Ratos de Porão -

Século Sinistro

Ratos de Porão

Gustavo Silva Publicado em 15/05/2014, às 00h37 - Atualizado às 00h49

Depois de quase dez anos sem disco de estúdio, banda volta em sintonia com os tempos confusos de hoje

Um retorno do Ratos de Porão faz todo o sentido nestes tempos em que vivemos. Em breve, o horário eleitoral nos lembrará de todas as transformações pelas quais o país passou nos últimos quatro anos (o Ratos lançou o ultimo disco, Homem, Inimigo do Homem, há quase uma década, em 2006): a redução da miséria de um lado e a inclusão do Brasil entre as nações mais violentas do mundo de outro; a ascensão material da classe média e a própria classe média atrelando o conceito de justiça à ideia de vingança; a alegria da Copa do Mundo e a brutalidade eventual das manifestações de rua. Ainda que a ideia do prazer imediato do funk ostentação componha parte do panorama atual, Século Sinistro complementa o estado de espírito dando voz e som à violência latente da pátria amada.

Não que para o RxDxP o lado negro do mundo tenha deixado de ser evidente – seja nos últimos oito ou nos últimos 30 anos, quando a banda estreava com Crucificados pelo Sistema. Mas a sintonia com o que acontece hoje foi atualizada em termos de corpo e conteúdo. Já na introdução, os gritos, as bombas e os ruídos dos protestos de junho de 2013 descambam em “Conflito Violento”, como se os cânticos de “sem violência” dos manifestantes das ruas fossem subvertidos – como de fato foram muitas vezes – e transformados em um tuíte urgente e brutal, complexo apenas no pequeno limite que os caracteres do miniblog permitem ser. A sequência com “Mundo Canibal” é quase uma carta de intenções e sugere a atmosfera de todos contra todos que permeia Século Sinistro, que é embalado em riffs que viajam pela fusão do thrash metal e do hardcore com a produção pesada de João Gordo.

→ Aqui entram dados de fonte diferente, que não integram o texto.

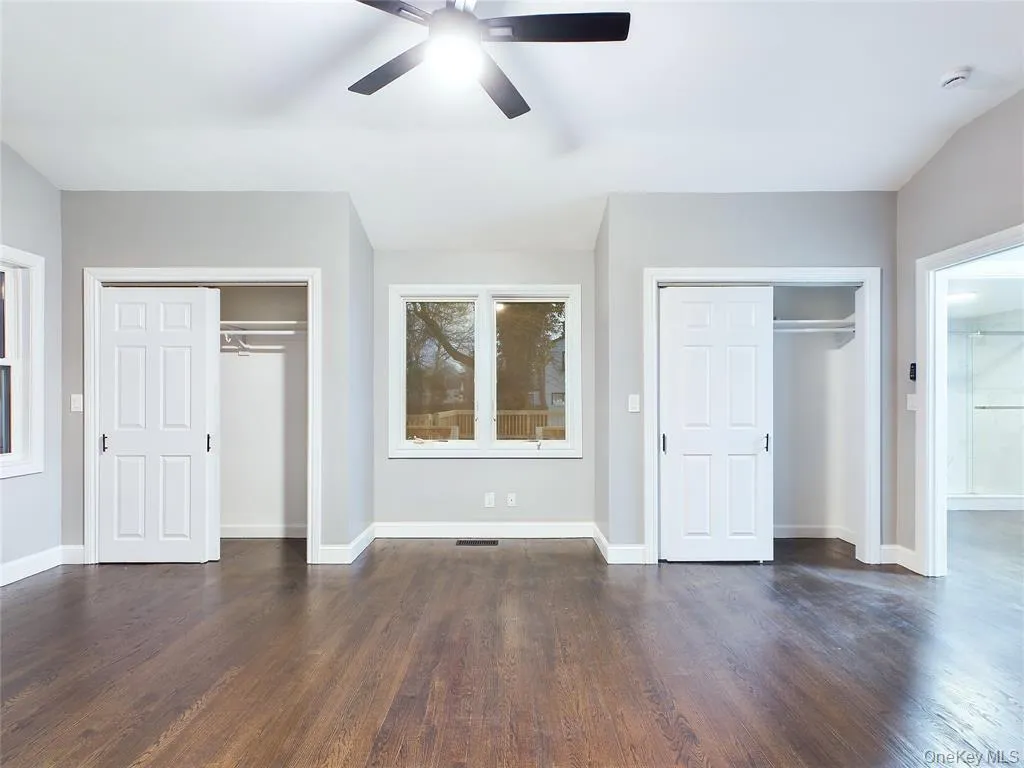 Unfurnished bedroom with two closets, dark wood-style flooring, and ceiling fan Unfurnished bedroom with two closets, dark wood-style flooring, and ceiling fan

Ainda que um convidado de renome apareça no disco (Moyses Kolesne, do Krisiun, é responsável pelos solos de “Neocanibalismo” e “Progeria Power”, versão de música dos suecos do Anti Cimex), a faixa “Sangue e Bunda” marca o sarcasm e o humor negro do Ratos na simpática participação de Atum, o porquinho de estimação de Gordo que urra com tanta clareza quanto o dono em certos momentos, como na ininteligível faixa-título. Irônico também é o fato de a música mais descartável do trabalho justamente levar o título de “Grande Bosta”.

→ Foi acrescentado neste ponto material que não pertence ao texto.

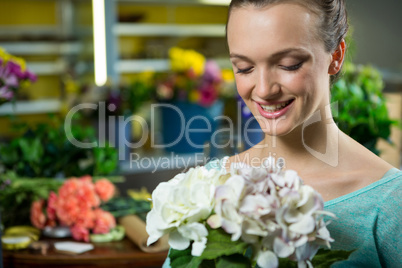 Smiling woman holding a bunch of flowers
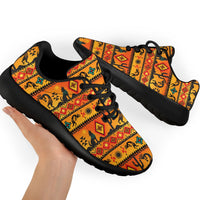 Pair of native motif sport sneakers with black laces and cushioned sole, angled view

João Gordo, Boka, Jão e Juninho não estão preocupados com análises mais profundas. O recado é direto sobre tudo e contra todos: o sistema e suas faces da lei e da ordem (“Conflito Violento”), o caos (“Boiada pra Bandido”), os politicos (“Puta, Viagra e Corrupção”). Sobra também para a população em geral (na já citada “Sangue e Bunda”). O Ratos, é claro, não é o primeiro a destilar críticas e ódio contra instituições através da música. Não se trata sequer da melhor tentative da própria banda em fazê-lo – ainda que passe muito perto. Mas o disco apresenta composições sólidas com quilate para aparecer com destaque em futuras coletâneas da banda. Século Sinistro é honesto e faz uma síntese bem condensada, à sua maneira, do trabalho e da relevância do Ratos de Porão no underground global. Que eles voltem – e se revoltem – mais vezes.